Estefany Rodríguez’s First Amendment case may be just getting started, but it’s already revealing how far the government will go to stifle journalism and speech it finds inconvenient.

The Nashville journalist, originally from Colombia but with authorization to work here, was detained by Immigration and Customs Enforcement on March 4 and released on bond last week. Rodríguez argued her detention was in retaliation for her work as a journalist, in violation of the First Amendment.

In response, the government has taken an extreme position that could have impacts far beyond Rodríguez’s case. In a recent court filing, it suggested that Rodríguez — and anyone the government asserts is an “unlawful alien” — does not have any First Amendment rights at all.

This appears to mark the first time that the Trump administration has argued that a journalist who it claims is living in the United States illegally has no First Amendment rights. Even as it has argued against First Amendment claims made by Mario Guevara and Ya’akub Vijandre, the government did not claim that the First Amendment didn’t apply because of their immigration status.

The government also hasn’t taken that position in cases involving noncitizens who are lawfully present in the United States, like those of Mahmoud Khalil and Rümeysa Öztürk, since Supreme Court and other legal precedent is clear that the First Amendment protects them. Rather, the government argued that immigration law gave it the power to deport Khalil and Öztürk, and that courts don’t have the authority to review First Amendment claims in the context of immigration proceedings.

That’s still wrong, but it’s different from saying that the First Amendment doesn’t protect someone in the U.S. at all because they’re living in the country illegally. If the First Amendment doesn’t apply to a person who is in the country without legal permission, the government wouldn’t just be able to deport them for their speech.

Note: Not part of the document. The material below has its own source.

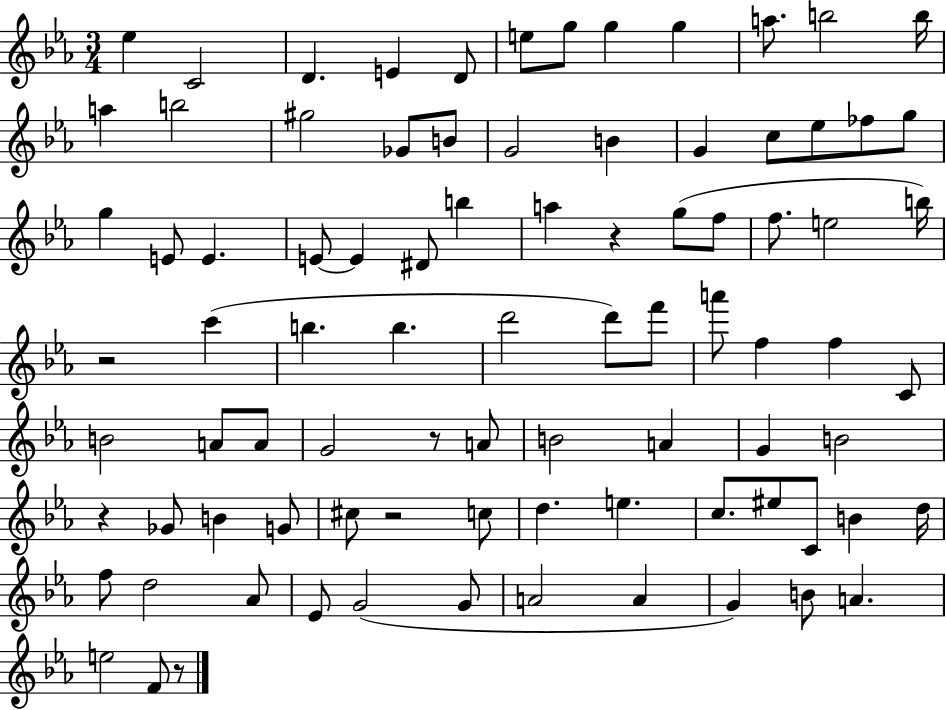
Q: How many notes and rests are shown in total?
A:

It would theoretically be free to jail them for writing a news article or a book or for speaking critically about the government or its policies to the press.

If that sounds obviously wrong, that’s because it is.

Here’s another absurd twist on the government’s argument: The First Amendment also protects free exercise of religion. If those lacking legal status have no First Amendment rights, the government could forbid them from exercising their religion or require them to follow a particular religion.

That can’t be right. The First Amendment, which restricts the government’s power to restrict speech or religious exercise, shouldn’t depend on whether the person speaking or worshiping has legal status or not.

Legal experts agree that, as a general matter, constitutional rights apply to those living illegally in the United States on the basis of their personhood and presence here. The Supreme Court has also explicitly held that certain constitutional rights apply to immigrants in the country without legal permission, including the Fourteenth Amendment’s guarantee of equal protection under the law and the Fifth Amendment’s right to due process.

The government’s argument is inconsistent with that precedent. It would stifle speech from many immigrants who have built lives and developed strong ties to the United States, including those who may believe they have the legal right to be here. Rodríguez, for instance, entered the country legally and had authorization to work here, yet the government claims it can silence her by declaring her an “illegal alien.”

But the government’s interpretation of the First Amendment wouldn’t just harm people like Rodríguez. It’s bad for Americans, too.

Immigrants to the U.S. who the government says lack legal status but who hold valid work permits that allow them to work as journalists, like Rodríguez, can report important news stories about immigration enforcement because they are part of the community being targeted. Book authors here without legal status have written firsthand accounts about the immigrant experience. Sources lacking legal status have told American journalists about deplorable conditions at detention facilities and Kafkaesque immigration proceedings.

All of this speech is invaluable for informing public understanding and debate over immigration policy. Saying that these people have no First Amendment rights means that Americans will be far less likely to hear from them and thus less knowledgeable.

Unfortunately, this isn’t the first time that the government has argued that the First Amendment doesn’t apply to those lacking permanent legal status in the United States.

In 2015, the Department of Justice (under President Obama) argued that a group of mothers in the country without legal permission who protested while in immigration detention couldn’t bring a First Amendment claim because, as “non-resident aliens” who did not have established connections to the U.S., they had no First Amendment rights.

But because the case was later voluntarily dismissed, the government’s theory was never tested in court. The government seemed to have abandoned that argument by not raising it again — until now.

The government’s signal in the Rodríguez case that it’s reviving this argument should alarm everyone. So should its continued efforts to deport Rodríguez, which you can and should speak out against.

The First Amendment was written to limit government power, not let officials decide whose voices are worth hearing. Targeting people because of their legal status and declaring them outside the First Amendment targets every American’s right to know the truth.